→ **PROVIDED DATA**
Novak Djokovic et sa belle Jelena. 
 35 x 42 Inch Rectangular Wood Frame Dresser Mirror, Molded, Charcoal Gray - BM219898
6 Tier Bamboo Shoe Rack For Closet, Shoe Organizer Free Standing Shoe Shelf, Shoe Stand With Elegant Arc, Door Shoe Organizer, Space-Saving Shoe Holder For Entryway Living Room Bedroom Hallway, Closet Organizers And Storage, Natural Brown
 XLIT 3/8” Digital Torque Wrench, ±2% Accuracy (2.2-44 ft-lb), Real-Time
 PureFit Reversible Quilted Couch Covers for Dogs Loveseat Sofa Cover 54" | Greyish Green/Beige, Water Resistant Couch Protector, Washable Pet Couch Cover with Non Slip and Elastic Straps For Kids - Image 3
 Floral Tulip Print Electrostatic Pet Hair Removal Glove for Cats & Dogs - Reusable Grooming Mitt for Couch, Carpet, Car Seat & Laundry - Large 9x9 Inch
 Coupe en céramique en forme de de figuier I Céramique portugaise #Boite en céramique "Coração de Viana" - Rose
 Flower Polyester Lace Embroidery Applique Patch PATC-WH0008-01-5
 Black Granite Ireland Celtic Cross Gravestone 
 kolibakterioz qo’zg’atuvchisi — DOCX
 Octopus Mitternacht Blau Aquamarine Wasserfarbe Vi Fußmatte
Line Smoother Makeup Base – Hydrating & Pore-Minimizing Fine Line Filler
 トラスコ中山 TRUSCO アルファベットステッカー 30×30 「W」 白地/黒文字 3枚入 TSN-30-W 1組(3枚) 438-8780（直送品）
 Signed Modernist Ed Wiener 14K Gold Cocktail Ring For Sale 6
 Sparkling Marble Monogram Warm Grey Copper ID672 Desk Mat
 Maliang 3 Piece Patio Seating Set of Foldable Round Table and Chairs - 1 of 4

→ **WORK REQUIRED**
Copy down the entries exactly, leaving out no line.

→ **FINAL ANSWER**
Novak Djokovic et sa belle Jelena. 
 35 x 42 Inch Rectangular Wood Frame Dresser Mirror, Molded, Charcoal Gray - BM219898
6 Tier Bamboo Shoe Rack For Closet, Shoe Organizer Free Standing Shoe Shelf, Shoe Stand With Elegant Arc, Door Shoe Organizer, Space-Saving Shoe Holder For Entryway Living Room Bedroom Hallway, Closet Organizers And Storage, Natural Brown
 XLIT 3/8” Digital Torque Wrench, ±2% Accuracy (2.2-44 ft-lb), Real-Time
 PureFit Reversible Quilted Couch Covers for Dogs Loveseat Sofa Cover 54" | Greyish Green/Beige, Water Resistant Couch Protector, Washable Pet Couch Cover with Non Slip and Elastic Straps For Kids - Image 3
 Floral Tulip Print Electrostatic Pet Hair Removal Glove for Cats & Dogs - Reusable Grooming Mitt for Couch, Carpet, Car Seat & Laundry - Large 9x9 Inch
 Coupe en céramique en forme de de figuier I Céramique portugaise #Boite en céramique "Coração de Viana" - Rose
 Flower Polyester Lace Embroidery Applique Patch PATC-WH0008-01-5
 Black Granite Ireland Celtic Cross Gravestone 
 kolibakterioz qo’zg’atuvchisi — DOCX
 Octopus Mitternacht Blau Aquamarine Wasserfarbe Vi Fußmatte
Line Smoother Makeup Base – Hydrating & Pore-Minimizing Fine Line Filler
 トラスコ中山 TRUSCO アルファベットステッカー 30×30 「W」 白地/黒文字 3枚入 TSN-30-W 1組(3枚) 438-8780（直送品）
 Signed Modernist Ed Wiener 14K Gold Cocktail Ring For Sale 6
 Sparkling Marble Monogram Warm Grey Copper ID672 Desk Mat
 Maliang 3 Piece Patio Seating Set of Foldable Round Table and Chairs - 1 of 4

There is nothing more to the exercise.